(What the task asks) An exact copy of the listing is required, with its pictures removed.

(Recorded data)
*** Block opens ***
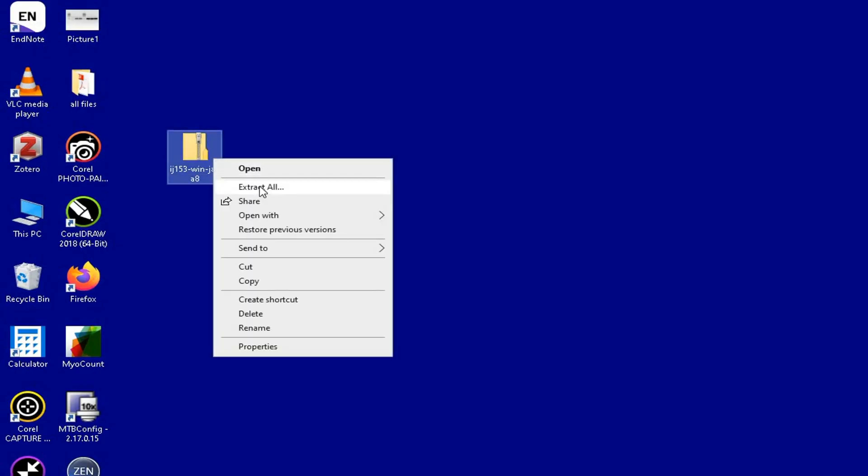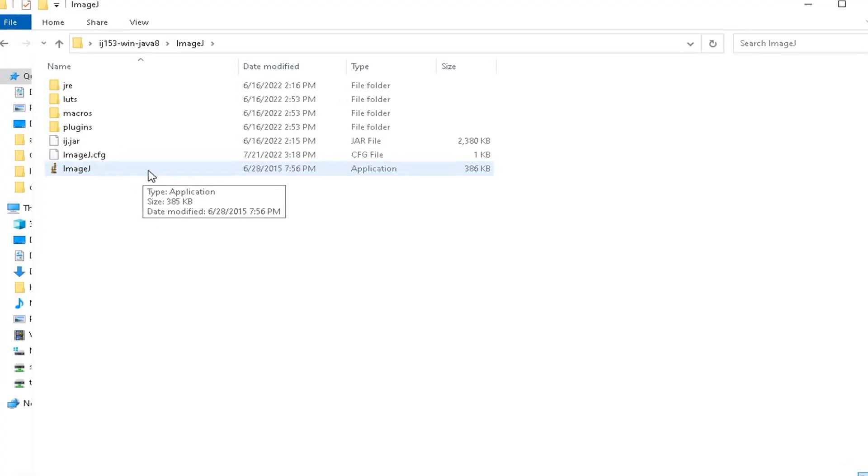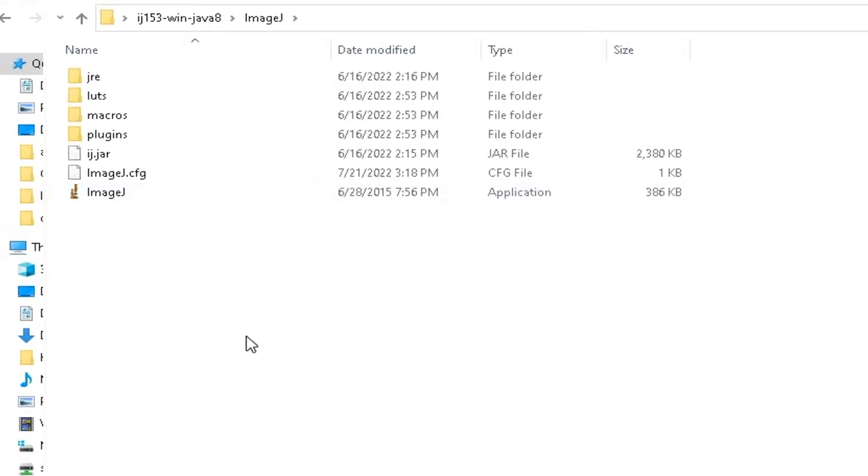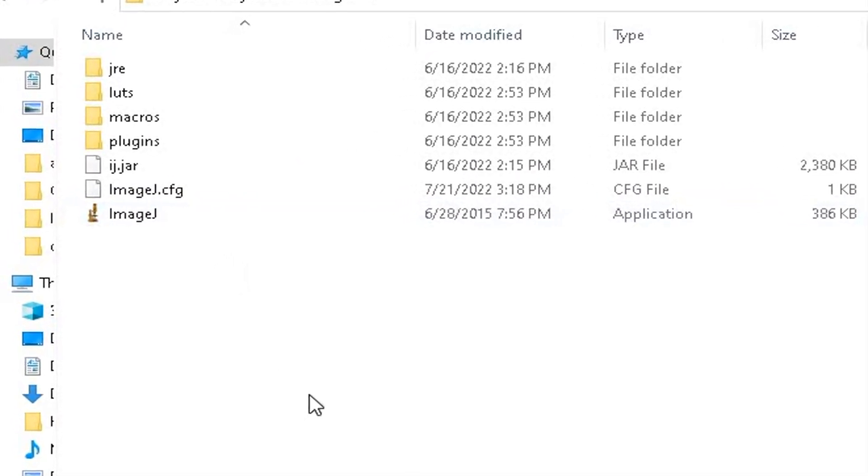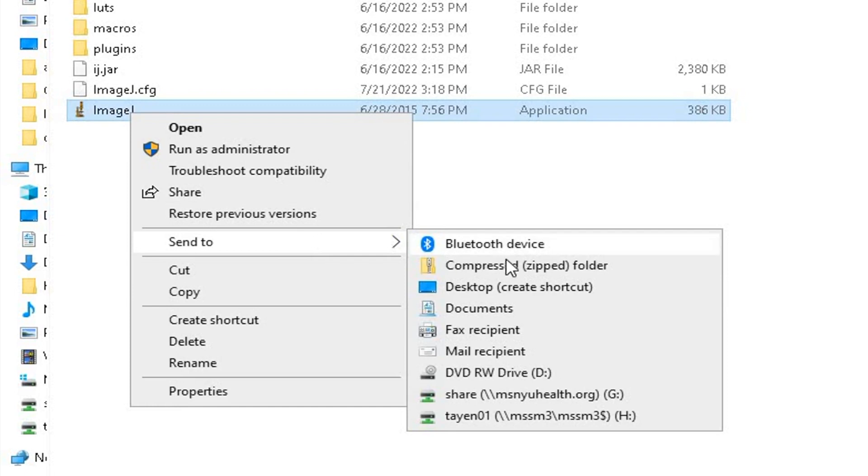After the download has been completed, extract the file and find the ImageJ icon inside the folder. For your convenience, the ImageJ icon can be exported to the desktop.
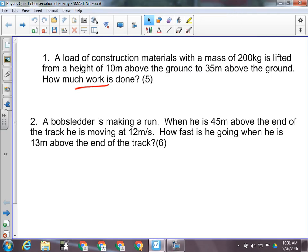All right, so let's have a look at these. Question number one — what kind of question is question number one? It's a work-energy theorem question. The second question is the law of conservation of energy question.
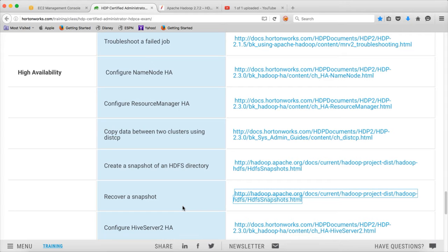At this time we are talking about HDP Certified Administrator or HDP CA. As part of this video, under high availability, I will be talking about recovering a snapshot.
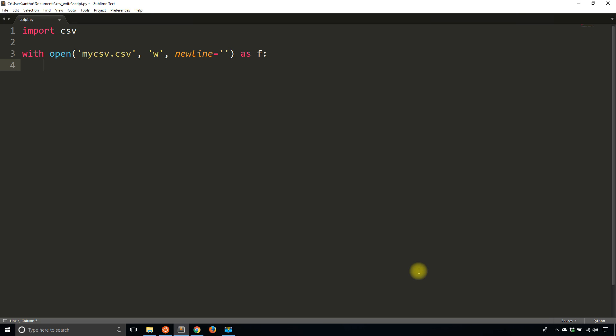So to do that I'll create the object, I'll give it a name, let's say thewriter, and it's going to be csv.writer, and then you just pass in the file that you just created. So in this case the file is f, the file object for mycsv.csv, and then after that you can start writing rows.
*** Block closes ***
(Task solution)
After the download has been completed, extract the file and find the ImageJ icon inside the folder. For your convenience, the ImageJ icon can be exported to the desktop.
All right, so let's have a look at these. Question number one — what kind of question is question number one? It's a work-energy theorem question. The second question is the law of conservation of energy question.
At this time we are talking about HDP Certified Administrator or HDP CA. As part of this video, under high availability, I will be talking about recovering a snapshot.
So to do that I'll create the object, I'll give it a name, let's say thewriter, and it's going to be csv.writer, and then you just pass in the file that you just created. So in this case the file is f, the file object for mycsv.csv, and then after that you can start writing rows.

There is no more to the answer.